Required action
Once the data has been read, restate all of it exactly.

Caption-style text data
#####

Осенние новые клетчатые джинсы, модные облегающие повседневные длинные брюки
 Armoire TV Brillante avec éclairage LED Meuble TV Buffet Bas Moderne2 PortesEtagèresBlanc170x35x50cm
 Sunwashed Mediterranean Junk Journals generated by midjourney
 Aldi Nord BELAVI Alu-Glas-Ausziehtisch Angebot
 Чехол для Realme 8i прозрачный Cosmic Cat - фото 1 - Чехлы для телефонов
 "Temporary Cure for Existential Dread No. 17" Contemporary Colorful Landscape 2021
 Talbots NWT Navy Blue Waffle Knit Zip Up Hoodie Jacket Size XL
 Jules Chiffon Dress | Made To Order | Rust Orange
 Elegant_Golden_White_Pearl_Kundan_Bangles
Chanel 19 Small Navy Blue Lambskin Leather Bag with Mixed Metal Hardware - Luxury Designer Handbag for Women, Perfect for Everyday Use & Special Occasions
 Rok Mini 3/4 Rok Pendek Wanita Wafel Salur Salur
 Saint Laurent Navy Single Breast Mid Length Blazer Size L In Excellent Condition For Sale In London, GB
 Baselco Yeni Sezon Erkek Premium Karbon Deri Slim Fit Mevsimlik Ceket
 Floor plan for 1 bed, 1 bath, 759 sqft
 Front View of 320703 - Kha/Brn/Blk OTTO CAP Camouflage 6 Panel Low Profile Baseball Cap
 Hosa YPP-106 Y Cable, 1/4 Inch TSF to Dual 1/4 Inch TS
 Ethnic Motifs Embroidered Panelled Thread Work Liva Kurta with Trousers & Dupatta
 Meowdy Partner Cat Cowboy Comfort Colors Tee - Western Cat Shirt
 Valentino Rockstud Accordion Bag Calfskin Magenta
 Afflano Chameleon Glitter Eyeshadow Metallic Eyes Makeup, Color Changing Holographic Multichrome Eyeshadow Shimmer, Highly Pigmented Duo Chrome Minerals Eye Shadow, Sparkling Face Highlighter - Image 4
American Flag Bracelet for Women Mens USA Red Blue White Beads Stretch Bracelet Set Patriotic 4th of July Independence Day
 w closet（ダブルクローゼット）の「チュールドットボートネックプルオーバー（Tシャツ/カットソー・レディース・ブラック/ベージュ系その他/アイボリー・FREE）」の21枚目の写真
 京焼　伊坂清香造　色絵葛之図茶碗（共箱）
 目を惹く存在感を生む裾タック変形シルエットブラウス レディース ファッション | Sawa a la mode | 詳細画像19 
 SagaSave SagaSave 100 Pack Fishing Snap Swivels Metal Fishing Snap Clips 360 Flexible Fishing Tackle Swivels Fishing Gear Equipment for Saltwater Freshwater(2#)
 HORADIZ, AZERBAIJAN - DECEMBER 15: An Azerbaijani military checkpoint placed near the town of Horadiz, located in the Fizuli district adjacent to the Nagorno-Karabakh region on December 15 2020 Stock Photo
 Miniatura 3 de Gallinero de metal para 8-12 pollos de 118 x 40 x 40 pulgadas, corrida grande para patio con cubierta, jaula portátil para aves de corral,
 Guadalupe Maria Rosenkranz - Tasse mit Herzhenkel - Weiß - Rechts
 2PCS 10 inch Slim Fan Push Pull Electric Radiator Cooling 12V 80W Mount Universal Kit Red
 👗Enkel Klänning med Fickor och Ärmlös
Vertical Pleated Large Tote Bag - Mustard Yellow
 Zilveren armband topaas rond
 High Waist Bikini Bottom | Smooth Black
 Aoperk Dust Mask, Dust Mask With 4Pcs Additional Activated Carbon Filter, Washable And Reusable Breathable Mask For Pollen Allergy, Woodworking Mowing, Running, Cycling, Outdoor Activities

#####

Task solution
Осенние новые клетчатые джинсы, модные облегающие повседневные длинные брюки
 Armoire TV Brillante avec éclairage LED Meuble TV Buffet Bas Moderne2 PortesEtagèresBlanc170x35x50cm
 Sunwashed Mediterranean Junk Journals generated by midjourney
 Aldi Nord BELAVI Alu-Glas-Ausziehtisch Angebot
 Чехол для Realme 8i прозрачный Cosmic Cat - фото 1 - Чехлы для телефонов
 "Temporary Cure for Existential Dread No. 17" Contemporary Colorful Landscape 2021
 Talbots NWT Navy Blue Waffle Knit Zip Up Hoodie Jacket Size XL
 Jules Chiffon Dress | Made To Order | Rust Orange
 Elegant_Golden_White_Pearl_Kundan_Bangles
Chanel 19 Small Navy Blue Lambskin Leather Bag with Mixed Metal Hardware - Luxury Designer Handbag for Women, Perfect for Everyday Use & Special Occasions
 Rok Mini 3/4 Rok Pendek Wanita Wafel Salur Salur
 Saint Laurent Navy Single Breast Mid Length Blazer Size L In Excellent Condition For Sale In London, GB
 Baselco Yeni Sezon Erkek Premium Karbon Deri Slim Fit Mevsimlik Ceket
 Floor plan for 1 bed, 1 bath, 759 sqft
 Front View of 320703 - Kha/Brn/Blk OTTO CAP Camouflage 6 Panel Low Profile Baseball Cap
 Hosa YPP-106 Y Cable, 1/4 Inch TSF to Dual 1/4 Inch TS
 Ethnic Motifs Embroidered Panelled Thread Work Liva Kurta with Trousers & Dupatta
 Meowdy Partner Cat Cowboy Comfort Colors Tee - Western Cat Shirt
 Valentino Rockstud Accordion Bag Calfskin Magenta
 Afflano Chameleon Glitter Eyeshadow Metallic Eyes Makeup, Color Changing Holographic Multichrome Eyeshadow Shimmer, Highly Pigmented Duo Chrome Minerals Eye Shadow, Sparkling Face Highlighter - Image 4
American Flag Bracelet for Women Mens USA Red Blue White Beads Stretch Bracelet Set Patriotic 4th of July Independence Day
 w closet（ダブルクローゼット）の「チュールドットボートネックプルオーバー（Tシャツ/カットソー・レディース・ブラック/ベージュ系その他/アイボリー・FREE）」の21枚目の写真
 京焼　伊坂清香造　色絵葛之図茶碗（共箱）
 目を惹く存在感を生む裾タック変形シルエットブラウス レディース ファッション | Sawa a la mode | 詳細画像19 
 SagaSave SagaSave 100 Pack Fishing Snap Swivels Metal Fishing Snap Clips 360 Flexible Fishing Tackle Swivels Fishing Gear Equipment for Saltwater Freshwater(2#)
 HORADIZ, AZERBAIJAN - DECEMBER 15: An Azerbaijani military checkpoint placed near the town of Horadiz, located in the Fizuli district adjacent to the Nagorno-Karabakh region on December 15 2020 Stock Photo
 Miniatura 3 de Gallinero de metal para 8-12 pollos de 118 x 40 x 40 pulgadas, corrida grande para patio con cubierta, jaula portátil para aves de corral,
 Guadalupe Maria Rosenkranz - Tasse mit Herzhenkel - Weiß - Rechts
 2PCS 10 inch Slim Fan Push Pull Electric Radiator Cooling 12V 80W Mount Universal Kit Red
 👗Enkel Klänning med Fickor och Ärmlös
Vertical Pleated Large Tote Bag - Mustard Yellow
 Zilveren armband topaas rond
 High Waist Bikini Bottom | Smooth Black
 Aoperk Dust Mask, Dust Mask With 4Pcs Additional Activated Carbon Filter, Washable And Reusable Breathable Mask For Pollen Allergy, Woodworking Mowing, Running, Cycling, Outdoor Activities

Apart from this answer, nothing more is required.